Earth Day: Why journalism is important to abate climate change

The media can give the crisis more attention


Collegian File Photo

By Adriana Rozas, Collegian Staff

Climate change is one of the most serious problems we face in modern times, as it affects our lives as well as makes our future uncertain. Over the past few years, several individuals, organizations and politicians have worked to promote sustainability and raise climate change awareness. However, these efforts easily fly under the radar. Currently, there is a lack of awareness concerning the severity of the situation and purpose of these efforts. Moreover, environmentalists and activists are currently fighting a rampant trend of denying facts which is causing an air of confusion around the country surrounding topics that pertain to science. With the spread of misinformation being normalized, it is hard for the public to properly discern what to believe.

So that begs the question: Why is journalism important to climate change? Why should the media cover stories about climate change?

In a time where the world’s most powerful people are conveniently calling climate change a lie, the progress activists and scientists have made toward abating climate change is being reversed. Policies are being rolled back by this administration.

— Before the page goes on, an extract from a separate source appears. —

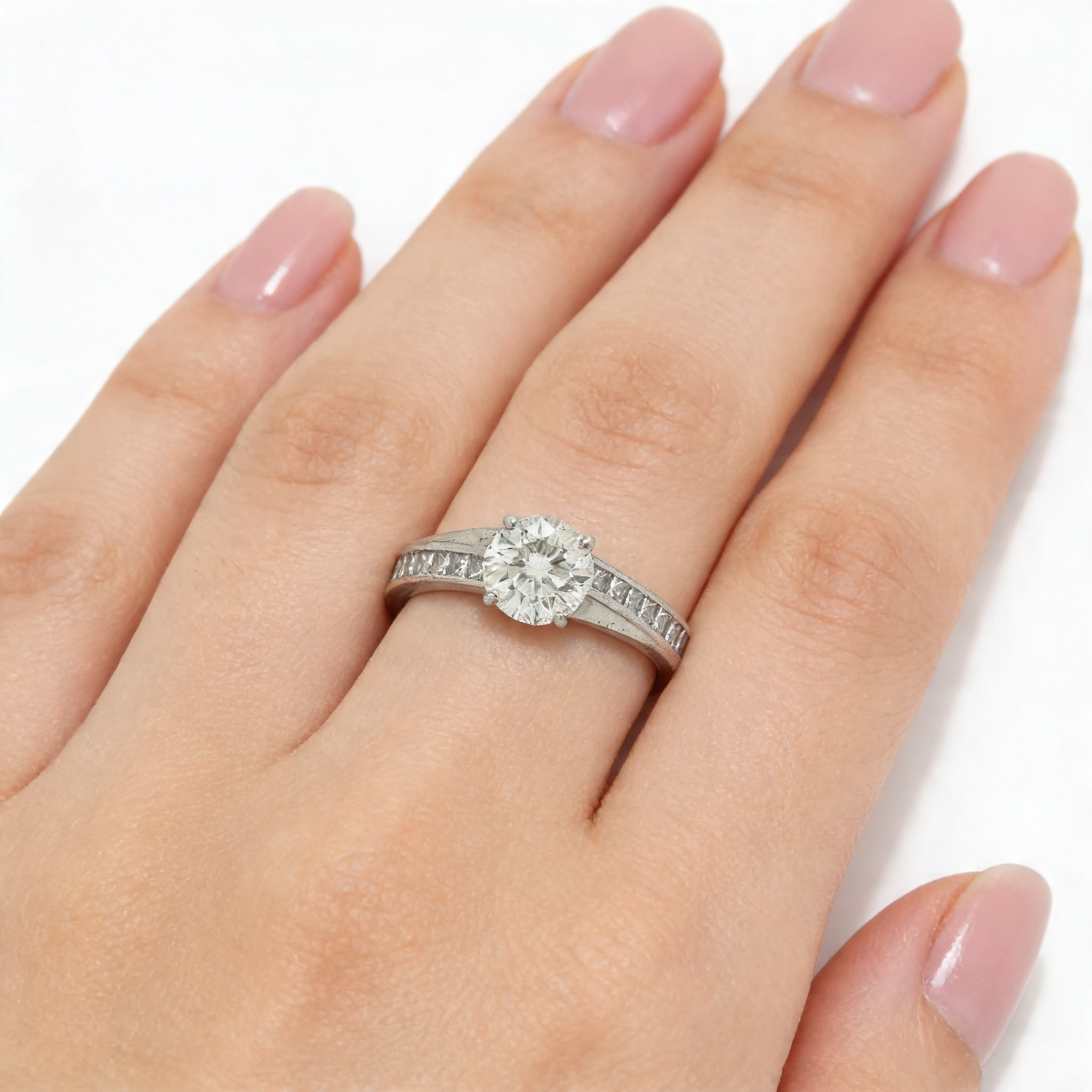 1.6ct diamond solitaire with square diamond shoulders.png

Individuals are ceasing to consider their impact on the environment. The mindset of “It’s our world, we’ll use it all up if we want to” is spreading because climate change is attacked so often by influential people. Now more than ever, it is important that journalists highlight more stories on this crisis.

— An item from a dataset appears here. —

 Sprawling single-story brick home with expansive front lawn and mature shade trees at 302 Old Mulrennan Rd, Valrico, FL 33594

The field of science can often be a confusing and dry one for many. So, expecting the general public to look up climate science research, read and then analyze countless papers to understand the highly technical content is unrealistic. Investigating and analyzing data is the job of the scientist; communicating these findings through the media for the general public to comprehend is up to the journalist. If the media is going to give attention to everything the president says or every celebrity cheating scandal, then it can certainly dedicate more of its efforts to reporting on climate change. One article every once in a while is not enough. A few minutes of airtime are not enough. In order to inform the public, journalists need to sit down with climate scientists and have a real discussion about current developments and setbacks as they do with the political world. They also need to talk to lawmakers and discuss their views and plans on mitigating climate change. They need to interview advocates and hear their suggestions. They need to report on innovative alternatives to reduce carbon footprints.

There are endless scientific investigations that have reported evidence supporting climate change. Daily, we see examples of the side effects of climate change, such as extreme weather phenomena and rising global temperatures, yet aren’t given information as to why they are occurring. These issues don’t get enough air time during the news and rarely get a spot on the front page of newspapers, even though lives are being affected. Last year, lives were lost during the latest extreme weather phenomena in the Midwest during the Polar Vortex, but the headlines were mostly announcing the death toll. Rarely did we see any media outlets cover why this vortex was occurring or explain the science behind it. In 2017, Hurricane Maria was all over the news days after the storm — but most news outlets were covering the conflict between President Trump and San Juan Mayor Carmen Yulín Cruz. Will the general public really understand the consequences of climate change if the science behind those consequences isn’t reported?

Katrina vanden Heuvel wrote for The Washington Post, “We try to cover what is important, but that’s not always easy — especially when much of the media privileges stories with the biggest shock factor.” This rings true, especially in recent times, where the political landscape is extremely divided and climate change has become a partisan issue. However, its effects are not partisan. The consequences of this environmental emergency will affect public health, the economy, businesses and our lifestyles, among many other aspects. If the public doesn’t understand this, then there is no hope in abating climate change.

This is where journalists should step in. It is important for journalists to cover all news pertaining to the environment because it can contribute to creating consciousness on this topic in times where there is a lot of doubt being sewn in regard to climate science. If the public has easy access to news on climate change’s imminent and future consequences, citizens will quickly realize the importance of living sustainably and be incentivized to reduce their carbon footprint. It could make the public rally and protest for action from lawmakers and could result in profound changes that would be seen across industries and lifestyles.

There is certainly an abundance of misinformation and a lack of information on the topic of climate change. Some likely only know the Earth is getting warmer, but do not understand that events like Hurricane Irma and Hurricane Maria in 2017 are going to become more frequent. Others might know it’s important to recycle, but may not know that a large amount of the plastic waste we produce is ending up in the oceans and affecting vital species. Some might have noticed that winters are getting harsher, but have no idea that they will also be getting longer.

The accessibility of information is essential to manage any crisis no matter the subject matter, so it is only natural to need journalists to actually report the information. Climate scientists, climate change advocates and environmentally-conscious politicians are all necessary to fight climate change, but let us not underestimate the role a journalist can play in this same fight. In times like these, information truly is power.